2. Beat the eggs and fry them in a pan to form a thin omelette. When cooked flip it out and then cut into thin strips similar to the size of the radish.
3. Cut both the egg and radish so that it will fit with the half sized laver.
4. Spread a bit of cooked rice on one sheet of the laver (half sized).
5. Put a bit of all the ingredients along the centre of the rice and then roll the laver to form a roll.

And there you go, mini rolls of gimbap.

However if you also want to have even smaller rolls of gimbap you can just use one filling and then roll the laver so that you form a cigar.

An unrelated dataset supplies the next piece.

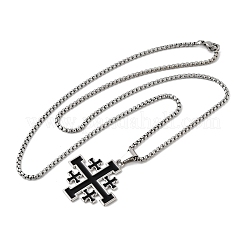 Jerusalem Cross Alloy Enamel Black Pendant 201 Stainless Steel Box Chain Necklaces&nbsp;NJEW-Z109-01P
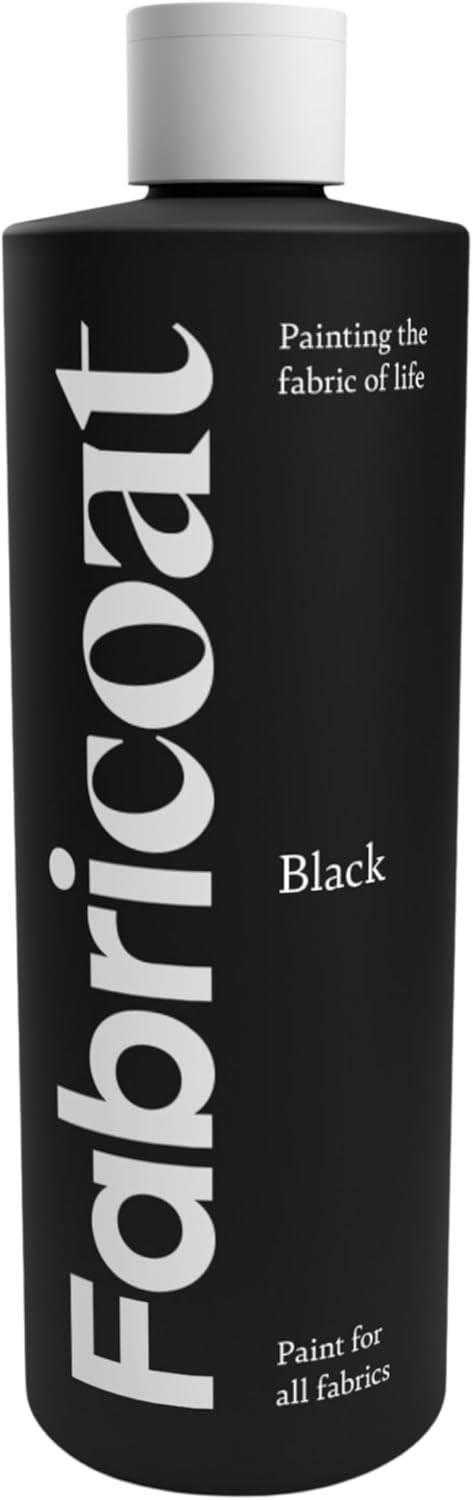 Fabricoat Fabric Paint – Restore or Change the Colour of Any Fabric - Paint Directly Onto Fabric - Transform Anything – Sofas, Lampshades, Car Interiors (250ml, Black)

Or you can make normal sized gimbap and then cut it into pieces. The recipe is HERE.

To FRY:
1. Combine frying mix, cold (or ice) water, potato starch, and salt, and COLD water is the secret to getting crispy food.
2. When the gimbap is ready you can coat the gimbap in some frying mix first to help the batter adhere.
3. Dip the gimbap into the batter.
4. Make sure the oil is hot enough for frying and then deep fry the battered gimbap until it is golden brown, there is no need to wait too long because the gimbap is already cooked and you just want there to be a nice coating of crispy batter.
5. And there you have it, twigim gimbap.








I hope that you all enjoy this recipe and I will post something soon.